Contribution of combined stressors on density and gene expression dynamics of the copepod Temora longicornis in the North Sea

Mol Ecol. 2024 Mar 1:e17312. doi: 10.1111/mec.17312. Online ahead of print.

Abstract

The impact of multiple environmental and anthropogenic stressors on the marine environment remains poorly understood. Therefore, we studied the contribution of environmental variables to the densities and gene expression of the dominant zooplankton species in the Belgian part of the North Sea, the calanoid copepod Temora longicornis. We observed a reduced density of copepods, which were also smaller in size, in samples taken from nearshore locations when compared to those obtained from offshore stations. To assess the factors influencing the population dynamics of this species, we applied generalised additive models.

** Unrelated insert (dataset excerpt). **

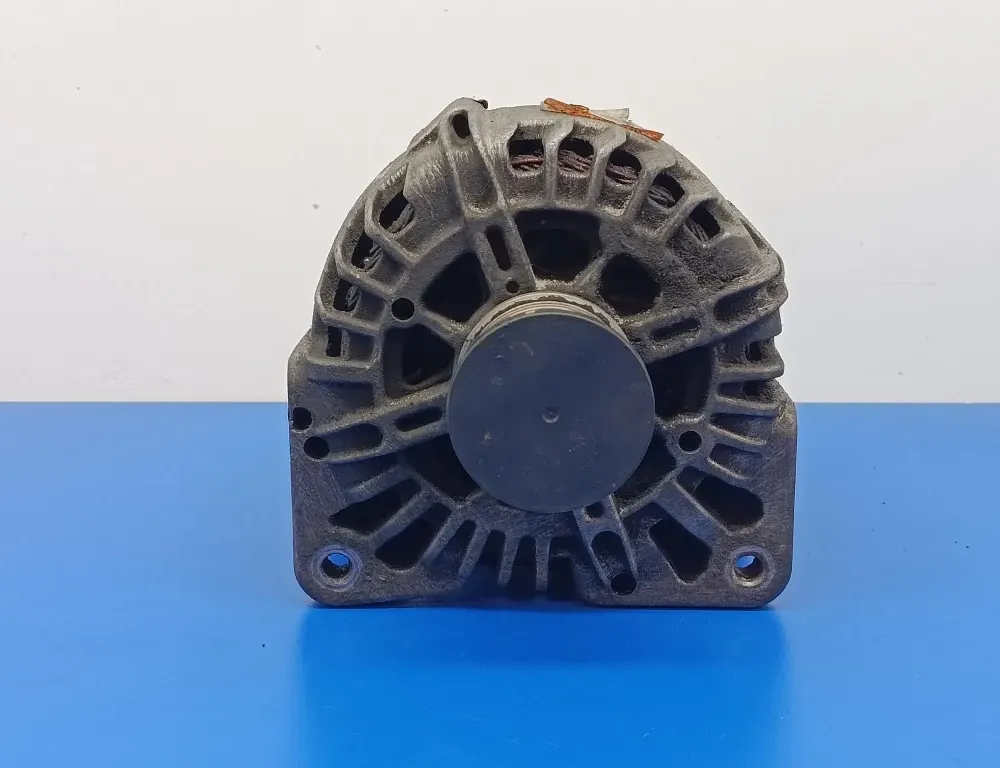 RENAULT Trafic 3 generation (2014-2023) Generator 33510317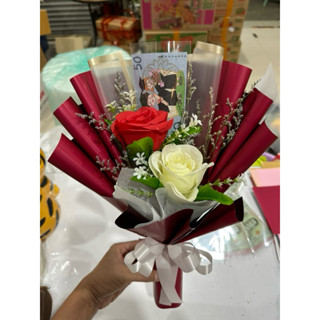ช่อดอกไม้ กุหลาบขาวแดง 2ดอก ใส่ธนบัตรได้  1 ใบนะคะ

These models allowed us to quantify the relative contribution of temperature, nutrient levels, salinity, turbidity, concentrations of photosynthetic pigments, as well as chemical pollutants such as polychlorinated biphenyls and polycyclic aromatic hydrocarbons (PAHs), on copepod density. Temperature and Secchi depth, a proxy for turbidity, were the most important environmental variables predicting the densities of T. longicornis, followed by summed PAH and chlorophyll concentrations. Analysing gene expression in field-collected adults, we observed significant variation in metabolic and stress-response genes. Temperature correlated significantly with genes involved in proteolytic activities, and encoding heat shock proteins. Yet, concentrations of anthropogenic chemicals did not induce significant differences in the gene expression of genes involved in the copepod's fatty acid metabolism or well-known stress-related genes, such as glutathione transferases or cytochrome P450. Our study highlights the potential of gene expression biomonitoring and underscores the significance of a changing environment in future studies.

Keywords: monitoring; organic chemicals; GAM model; North Sea; copepods; gene expression; multiple stressors; transcriptomics.